After such an incident, one begins to wonder how this could have been better managed to limit the impact.

First, this happened because CrowdStrike was automatically updating the sensors on the user devices. In a situation where an organisation had turned off auto-updates, this update would not have applied, and as such, the incident would not have affected them.

It is established best practice that updates should be given a period of testing before they are rolled out into production. However, this is commonly ignored for small updates, and yet, as seen in this incident, they can have a significant impact.

However, questions also need to be raised about the rigorous testing procedures in place at CrowdStrike, which should have discovered this before rolling out the update to customers. 

Secondly,  over time, organisations have spent a lot of money on purchasing defence systems to protect their infrastructure from attack.

However, the cyber threat landscape changes as frequently as daily, and finances cannot allow protection to be bought for every new threat vector that surfaces.

In the realm of cyber security, it is no longer an issue of whether you will be attacked but rather when it will happen because you will most definitely be breached.

Security expenditure needs to begin shifting towards building robust incident response teams and capabilities to ensure that the “Mean Time to Recover” after an incident is shortened so that services are restored in the shortest time possible. 

Thirdly, continuous monitoring of systems also plays a role in ensuring that the impacts of incidents are reduced. For example, to date, some organisations still do not have an idea of how many devices installed the “bad” update and how many have successfully applied the mitigation patch from CrowdStrike.

In the absence of this, one cannot adequately prepare for and combat the effects of this incident, as affected machines cannot be identified.

Cyber insurance plays a critical role in helping businesses recover from the effects of attacks by compensating for business losses due to outages such as this. and receive compensation for business losses.

Furthermore, insurers can provide incident response services Policyholders can file claims for disruption of service during attacks and help policyholders navigate this challenging time.

However, this significantly depends on the coverage that has been agreed upon with your insurer.

Many of the cyber insurers in Uganda do not have these capabilities in-house and do not offer these services. However, many global insurers can provide a full suite of services to their clients. 

To prevent a single point of failure, it is also important to diversify software vendors to reduce reliance on a single provider.

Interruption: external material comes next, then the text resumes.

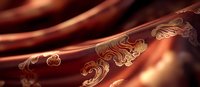 Luxurious brown silk fabric with golden floral ornaments flowing in elegant waves creates rich textile background for luxury design projects.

However, this also presents different risks as it is easier to manage one software architecture across the entire organization.

As such, the delicate balance between the convenience of one unified provider and the risk of a single point of failure needs to be carefully studied.

Nonetheless, the impact of a vulnerability in a third-party software provider can be catastrophic, and businesses must prioritise supply chain security and conduct rigorous vendor assessments. 

This incident underscores the critical need for robust cybersecurity measures and contingency planning. It highlights the risks associated with heavy reliance on single points of failure in digital infrastructure and the importance of having backup systems and recovery plans in place.

As organisations continue to advance their digital transformation agenda, this incident serves as a stark reminder of the vulnerabilities that come with increased digitisation. 

However, it also presents an opportunity for stakeholders to reassess and strengthen their cybersecurity risk management frameworks to safeguard against future disruptions. As the world works to recover and bolster defences, the lessons learned from this event will undoubtedly shape the future of digitization, cybersecurity practices, and cloud services.

Mr Rodney Hood Adriko is a technology, blockchain, cybersecurity & and privacy expert, and a PhD researcher at the Institute of Cyber Security for Society (iCSS) at the University of Kent, UK.